Put the tied bag in a sterilised bucket with the tied bit hanging over the edge. Pour over 2 litres of boiling water. Cover the bucket with a lid (tea towel if you don't have a lid), allow the contents to cool until they're cool enough to handle. Lift the muslin bag so the juice strains out of it.
When it has almost finished dripping, pop the bag of berries into bucket number 2. Cover the juice in bucket 1 with a tea towel and leave it to cool. Pour another 1.5 litres of boiling water over the bag in the second bucket, pop lid/tea towel on and leave to cool. Meanwhile boil another half litre of water in a saucepan and put the sugar in it. Stir until it has totally dissolved.
Cool everything down
Leave all three vessels to cool down. When they are all at room temperature (bucket number 1 with juice, bucket number 2 with bag of berries and juice, and saucepan with sugar), squeeze the bag of berries gently into the bucket to extract the last juice. Compost the de-juiced blackberries. Our worms love them. This all sounds a bit faffy. In reality it only takes a few minutes, it's the cooling down bit that takes longer.

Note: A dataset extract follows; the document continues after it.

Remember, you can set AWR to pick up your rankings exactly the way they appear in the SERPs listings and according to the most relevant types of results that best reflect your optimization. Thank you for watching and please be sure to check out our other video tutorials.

Get your wine started in the demijohn
Pour the (now cool) sugar water into your demijohn using the funnel. Then add the two buckets of juice through the funnel, but don't fill the demijohn completely. My advice would be to leave at least 3 inches at the top to start with.
Put the remaining juice into the sterilised bottle. Put the lid on and put that bottle of juice in the fridge for a couple of days.

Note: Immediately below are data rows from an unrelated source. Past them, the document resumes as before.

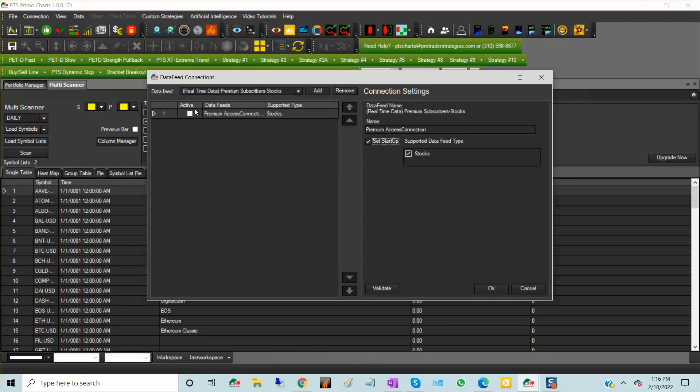On the left, you choose if the connection is active or inactive, so we're going to choose active. You must be subscribed to the data feed in order for it to work.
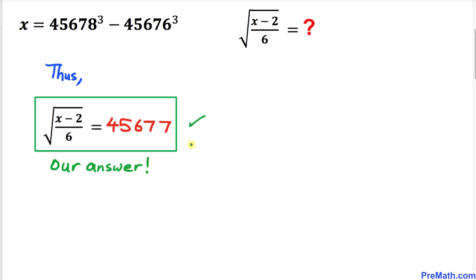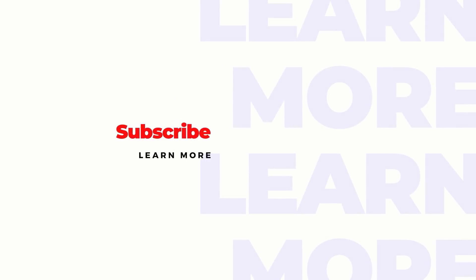Thanks for watching. Please don't forget to subscribe to my channel for more exciting videos. Bye, thank you.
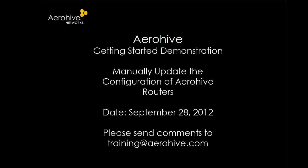Welcome. The goal of this module is to guide you through how to manually update the configuration of your branch routers.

Add the pectin enzyme and yeast into your demijohn, give it a swirl and fit the bung and airlock. You are leaving more of a gap at the top of your demijohn than would usually be advisable. The reason for that is because both times I have made this wine, it has fermented fiercely for the first 3 days. Red froth up through the airlock, up the wall and everywhere. If you keep back the extra juice and wait until fermentation has calmed down, you're less likely to have the mess I had.
Then simply top the demijohn up with your juice in the fridge.

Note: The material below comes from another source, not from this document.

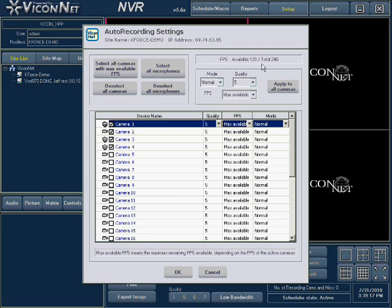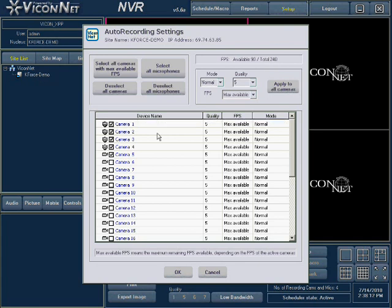At the top right of the screen, there is an indication of how many frames per second this collector model can support and how many frames have already been selected in the setup. The total sum of frames per second you select for all the autorecord cameras cannot exceed the collector's total capacity. For this machine, the total possible frames per second is 240.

If you have juice left over once you've topped up, what I usually do is leave it in the plastic/glass bottle (or move it to a smaller one if you have one, just make sure you sterilise it).
Get a balloon, rinse the balloon under the tap, turn it inside out and rinse again to get rid of that dusty stuff that always seems to be on the inside of balloons. Put a pin prick in the balloon and fit it to the top of the bottle. Et voila, a makeshift airlock that lets air out but not in. If it doesn't work you've lost nothing, but you might just get some wine out of that last bit too.
I now have two demijohns of this bubbling away. Wonder if it will be complementing the turkey this Christmas? [Edit: yes it did!]